1.1.1 Characteristics and application of lithium ion battery

As early as 1912, the study of lithium batteries (Li Battery) with lithium metal as the electrode began. In the 1970s, non-rechargeable lithium batteries were first used in the commercial field. In the 1980s, research focused on rechargeable lithium-ion batteries (Li-ion Battery), but did not successfully solve the battery safety problem. Until 1991, Sony first realized the commercialization of lithium-ion batteries, which is considered to be an important milestone in the field of energy technology.

As shown in Table 1.1, lithium ion batteries have higher energy density (including mass ratio energy and volume ratio energy), higher charge and discharge cycles, and lower discharge rate than other secondary batteries such as Ni-Cd. And higher single cell operating voltage (3.6V). Obviously, the high operating voltage of the lithium-ion battery will help to reduce the size of the mobile equipment. The high energy density will help the battery to be lightweight, and the low discharge rate will ensure normal use during storage.

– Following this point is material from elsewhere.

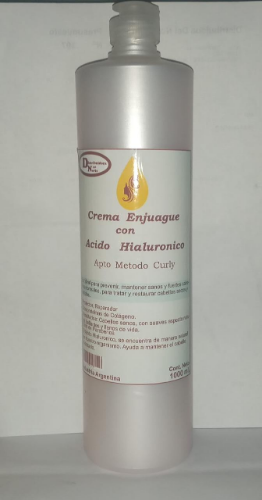 Enjuague con acido hialuronico 1Lt del norte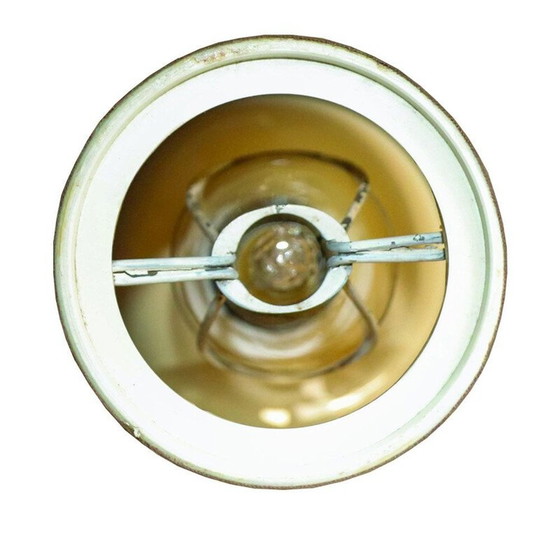 Image 1 of Lampe de chevet vintage en céramique émaillée, Allemagne 1980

In the past ten years, the application of lithium-ion batteries has been greatly developed, and it has become one of the main energy sources for communication electronic products. It is widely used in high-end portable consumer products such as notebook computers, GSM/CDMA, digital cameras, camcorders and PDAs. In electronic products [2]. If it is the first golden age for lithium-ion batteries to adapt to the notebook market before 1997, reduce battery costs and increase capacity, then the popularity of portable electronic products such as mobile phones and video cameras will bring the lithium-ion battery industry into the second golden age. . For example, in 2004, 94% of mobile phone batteries were lithium-ion batteries. With the development of technology, the demand for lithium-ion batteries will become increasingly strong, with an estimated 1.2 billion in 2005 [3]. From the perspective of the production and sales distribution of lithium-ion batteries, before 2000, Japan was the largest producer and seller of lithium-ion batteries, with a market share of over 95%. However, with the rapid rise of China and South Korea in recent years, Japan's unique pattern has been gradually broken. It is expected that the global market share of lithium-ion batteries in Japan will fall below 50% in 2005.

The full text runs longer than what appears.